Finding the perfect house typically proves the easiest step in the path to homeownership. Choosing the right mortgage rates as the most critical decision, as you determine how much interest your choice of mortgage will cost you, depending on the length of the mortgage and whether you choose a fixed- or variable-rate mortgage.
When you take out a mortgage to purchase a home, your lender will require that you repay the loan principal, plus interest, on a fixed schedule of payments. The amount of interest accrued on the loan depends primarily on the length of the mortgage, the interest rate your lender charges and whether you take out a fixed-rate or variable-rate mortgage, also known as an adjustable-rate mortgage or ARM. With a fixed-rate mortgage, your interest rate does not change. With an ARM, your interest rate can change frequently and substantially over the life of the loan.
How They Work
The Federal Reserve Board defines ARMs as mortgages with a fixed interest rate for a set period of time, after which your interest rate may change many times. Lenders may set the initial fixed-rate term at one month to 10 years, with interest-rate adjustments occurring each month, quarter, year or more. A 5/1 ARM, for instance, uses a five-year fixed-rate period, with the interest rate subject to change every year thereafter.

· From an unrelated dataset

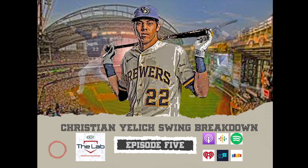Christian Yelich is arguably the best hitter in all of baseball. Jake and I break down his swing in the first edition of our Mechanical Breakdown series on episode number five of the Lab Epstein Hitting Podcast.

Most ARMs have a limit or cap on how high or low the interest rate may fluctuate at any given time.
Types of ARMs
Typical ARMs, known as amortizing-payment ARMs, have payments much like a fixed-rate mortgage, where a portion of each payment goes toward the original loan balance and the rest toward principal. While structured similarly, an accelerated amortizing payment ARM offers a much shorter length of the loan -- usually 15 years or less. An interest-only ARM features an initial deferment of principal payments, resulting in lower payments that satisfy only the accrued interest, for a set period of time. The riskiest type of ARM, the minimum-payment ARM, serves as a variation on the interest-only ARM. It defers principal payments and the lender doesn't require you to pay all of the interest as it accrues. The lender then adds the unpaid interest to your original loan balance until the deferment period ends and you begin regular principal and interest payments.

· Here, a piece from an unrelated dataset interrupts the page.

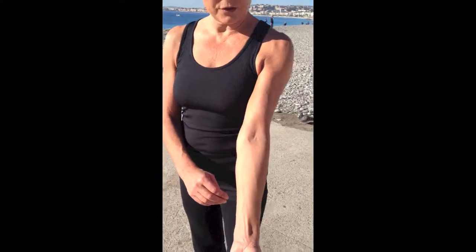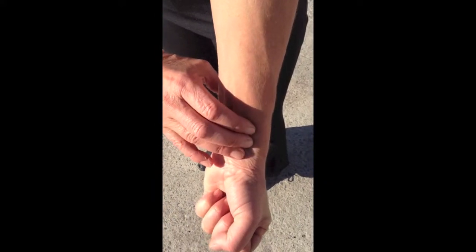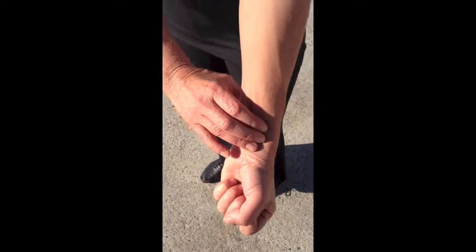Hi, this is Juliette from Nice. Let me show you how to take the resting heart rate. Very simple. Either you use it at your wrist — you close your hands and between the tendons you place as many fingers as possible. Less chance to miss it.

Variable-rate mortgages mean more risk for you and less risk for the lender, so lenders try to make these more attractive through lower initial interest rates and fewer fees. Option ARMs rate as the riskiest option, with Bloomberg Businessweek dubbing them “nightmare mortgages.” If you're not planning on staying in your new home past the initial fixed-rate term of the mortgage, however, a variable-rate mortgage could be your best choice.